Au gré de mes hypothèses, je repensais à un livre de l’américaine Soshanna Zuboff, The Age of Capitalism Surveillance (janvier 2019, éditions Zulma, octobre 2020). Peut-être ce genre de « mobilité douce » (surtout à l’arrêt) était-il destiné à nous photographier et filmer sans filtre, sans floutage ni filoutage, afin de nous intégrer dans une immense base de données qui, grâce à la « reconnaissance faciale » et à « l’intelligence artificielle » (sic) permettrait à toute instance de pouvoir (policier, judiciaire, sanitaire, vacataire, etc.) de nous garder ainsi au chaud, à sa botte… au cas où !
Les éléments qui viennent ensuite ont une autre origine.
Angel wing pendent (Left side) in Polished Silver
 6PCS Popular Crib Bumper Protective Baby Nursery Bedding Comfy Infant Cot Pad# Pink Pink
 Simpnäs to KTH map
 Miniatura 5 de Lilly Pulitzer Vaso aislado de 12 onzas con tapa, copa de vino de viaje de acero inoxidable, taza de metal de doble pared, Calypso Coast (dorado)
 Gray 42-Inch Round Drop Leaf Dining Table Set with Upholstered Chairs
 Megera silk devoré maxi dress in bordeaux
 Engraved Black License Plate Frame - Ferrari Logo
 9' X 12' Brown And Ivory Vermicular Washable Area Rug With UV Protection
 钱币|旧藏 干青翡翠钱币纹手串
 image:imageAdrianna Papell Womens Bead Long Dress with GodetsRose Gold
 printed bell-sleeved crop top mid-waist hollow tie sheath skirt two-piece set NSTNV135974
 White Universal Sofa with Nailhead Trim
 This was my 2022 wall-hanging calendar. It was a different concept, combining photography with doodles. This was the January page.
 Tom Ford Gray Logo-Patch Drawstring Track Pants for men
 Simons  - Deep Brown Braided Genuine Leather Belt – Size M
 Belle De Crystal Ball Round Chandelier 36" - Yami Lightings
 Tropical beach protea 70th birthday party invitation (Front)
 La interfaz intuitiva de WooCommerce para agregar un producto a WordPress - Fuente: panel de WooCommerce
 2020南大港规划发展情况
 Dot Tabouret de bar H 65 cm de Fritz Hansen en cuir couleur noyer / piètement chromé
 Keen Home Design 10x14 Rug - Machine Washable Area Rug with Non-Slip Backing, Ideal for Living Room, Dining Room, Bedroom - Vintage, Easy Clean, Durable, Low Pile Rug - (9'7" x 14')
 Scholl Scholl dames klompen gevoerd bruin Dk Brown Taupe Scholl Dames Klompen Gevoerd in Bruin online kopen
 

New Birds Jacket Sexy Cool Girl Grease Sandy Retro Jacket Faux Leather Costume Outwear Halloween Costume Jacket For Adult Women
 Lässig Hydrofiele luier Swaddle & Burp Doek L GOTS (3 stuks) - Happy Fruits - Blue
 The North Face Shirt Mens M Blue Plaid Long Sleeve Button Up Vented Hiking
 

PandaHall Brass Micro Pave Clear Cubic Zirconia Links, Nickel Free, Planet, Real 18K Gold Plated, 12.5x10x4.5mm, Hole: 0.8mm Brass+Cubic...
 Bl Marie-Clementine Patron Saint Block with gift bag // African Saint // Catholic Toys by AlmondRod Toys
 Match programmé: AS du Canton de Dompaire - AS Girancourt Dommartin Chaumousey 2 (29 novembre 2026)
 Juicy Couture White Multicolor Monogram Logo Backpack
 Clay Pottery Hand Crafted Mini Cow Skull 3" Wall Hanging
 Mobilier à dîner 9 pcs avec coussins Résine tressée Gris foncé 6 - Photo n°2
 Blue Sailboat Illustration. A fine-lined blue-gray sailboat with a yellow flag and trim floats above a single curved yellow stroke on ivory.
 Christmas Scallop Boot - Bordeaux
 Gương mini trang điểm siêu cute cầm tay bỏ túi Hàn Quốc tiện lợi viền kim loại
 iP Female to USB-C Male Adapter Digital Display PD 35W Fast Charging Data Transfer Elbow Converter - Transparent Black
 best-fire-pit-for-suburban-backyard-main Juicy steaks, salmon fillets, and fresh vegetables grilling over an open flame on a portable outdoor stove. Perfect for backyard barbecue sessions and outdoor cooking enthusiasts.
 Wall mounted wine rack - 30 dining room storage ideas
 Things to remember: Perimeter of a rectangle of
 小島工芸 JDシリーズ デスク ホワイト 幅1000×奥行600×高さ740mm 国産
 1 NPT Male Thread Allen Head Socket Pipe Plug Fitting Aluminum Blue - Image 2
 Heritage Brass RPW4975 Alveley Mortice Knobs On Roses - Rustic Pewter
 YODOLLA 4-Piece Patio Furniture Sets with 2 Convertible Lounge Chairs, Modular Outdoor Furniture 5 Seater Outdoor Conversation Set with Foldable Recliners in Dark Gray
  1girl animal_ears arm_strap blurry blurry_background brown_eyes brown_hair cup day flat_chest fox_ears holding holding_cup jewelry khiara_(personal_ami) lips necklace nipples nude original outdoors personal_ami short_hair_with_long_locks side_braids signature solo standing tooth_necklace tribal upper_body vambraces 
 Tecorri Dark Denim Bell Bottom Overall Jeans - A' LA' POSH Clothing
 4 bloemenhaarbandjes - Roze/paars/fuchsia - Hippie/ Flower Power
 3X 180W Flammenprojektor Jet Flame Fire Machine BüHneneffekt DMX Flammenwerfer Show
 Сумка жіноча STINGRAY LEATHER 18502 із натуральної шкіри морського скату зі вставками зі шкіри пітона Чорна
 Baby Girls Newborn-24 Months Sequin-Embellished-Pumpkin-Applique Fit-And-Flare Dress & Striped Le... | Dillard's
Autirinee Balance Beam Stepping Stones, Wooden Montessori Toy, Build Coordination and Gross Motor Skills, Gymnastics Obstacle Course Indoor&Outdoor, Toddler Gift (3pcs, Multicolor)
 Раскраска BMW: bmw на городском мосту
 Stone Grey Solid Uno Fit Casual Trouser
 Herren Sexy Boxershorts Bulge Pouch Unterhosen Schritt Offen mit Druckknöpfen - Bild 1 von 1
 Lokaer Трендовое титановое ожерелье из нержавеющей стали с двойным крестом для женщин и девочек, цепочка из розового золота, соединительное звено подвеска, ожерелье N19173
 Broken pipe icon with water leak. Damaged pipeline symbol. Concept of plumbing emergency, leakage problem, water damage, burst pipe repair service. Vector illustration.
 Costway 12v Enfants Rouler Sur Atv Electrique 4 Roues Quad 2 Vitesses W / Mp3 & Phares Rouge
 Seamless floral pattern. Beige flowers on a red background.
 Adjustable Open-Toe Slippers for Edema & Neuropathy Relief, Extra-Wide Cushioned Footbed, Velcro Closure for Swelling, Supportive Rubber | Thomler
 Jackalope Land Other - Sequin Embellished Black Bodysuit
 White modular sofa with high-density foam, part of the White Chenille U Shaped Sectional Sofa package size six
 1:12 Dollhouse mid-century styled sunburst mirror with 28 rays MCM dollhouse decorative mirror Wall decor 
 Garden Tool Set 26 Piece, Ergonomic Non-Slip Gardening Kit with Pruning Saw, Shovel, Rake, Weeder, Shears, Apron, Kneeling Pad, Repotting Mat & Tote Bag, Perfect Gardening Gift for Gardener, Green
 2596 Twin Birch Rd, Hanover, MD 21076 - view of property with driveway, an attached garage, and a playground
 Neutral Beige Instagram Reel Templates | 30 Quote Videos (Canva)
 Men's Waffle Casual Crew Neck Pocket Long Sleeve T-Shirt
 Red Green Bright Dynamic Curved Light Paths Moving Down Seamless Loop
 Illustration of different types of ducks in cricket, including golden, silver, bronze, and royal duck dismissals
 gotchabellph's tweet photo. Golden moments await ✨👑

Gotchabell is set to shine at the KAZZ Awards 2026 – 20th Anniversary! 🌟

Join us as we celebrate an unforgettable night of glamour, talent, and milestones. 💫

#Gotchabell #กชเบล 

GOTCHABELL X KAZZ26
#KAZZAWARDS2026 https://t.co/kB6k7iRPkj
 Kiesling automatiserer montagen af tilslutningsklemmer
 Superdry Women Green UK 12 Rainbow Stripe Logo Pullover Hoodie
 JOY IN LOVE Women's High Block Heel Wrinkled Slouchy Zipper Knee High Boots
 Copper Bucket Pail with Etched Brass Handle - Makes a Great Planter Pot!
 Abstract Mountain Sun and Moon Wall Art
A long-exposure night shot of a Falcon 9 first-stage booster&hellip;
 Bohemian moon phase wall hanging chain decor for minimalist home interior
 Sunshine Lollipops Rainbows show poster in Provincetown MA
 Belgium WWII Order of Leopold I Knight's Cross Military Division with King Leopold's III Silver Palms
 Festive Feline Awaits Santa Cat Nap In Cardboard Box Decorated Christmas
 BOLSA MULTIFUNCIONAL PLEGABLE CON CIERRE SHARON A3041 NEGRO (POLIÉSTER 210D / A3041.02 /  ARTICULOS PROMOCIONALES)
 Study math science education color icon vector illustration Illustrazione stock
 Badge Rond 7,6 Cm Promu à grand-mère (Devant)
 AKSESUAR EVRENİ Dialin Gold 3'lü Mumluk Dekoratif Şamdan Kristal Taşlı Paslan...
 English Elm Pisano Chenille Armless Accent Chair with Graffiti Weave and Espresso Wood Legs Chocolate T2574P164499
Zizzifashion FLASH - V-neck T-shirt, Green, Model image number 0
Mais ma paranoïa suspecte avait été captée : j’entendais déjà au loin une sirène de police, dans le style des films policiers US (jamais je n’aurais dû prendre ces deux photos, et sans masquer la plaque d’immatriculation voire la marque très « mini » du véhicule…) qui se rapprochait : une 5008 Peugeot, avec sa couleur de rat des villes, apparaissait à l’autre bout de l’avenue, elle quittait le long du canal pour tourner à droite, et ses feux bleus clignotant intégrés dans la calandre, en plus du plat gyrophare de toit, m’en mettaient plein les mirettes.
Après, je ne me souviens plus de rien.
Maintenant, par la fenêtre grillagée de ma chambre « sécurisée » de l’hôpital Sainte-Anne, j’aperçois un triangle de ciel bleu où volettent quelques nuages libres comme l’air.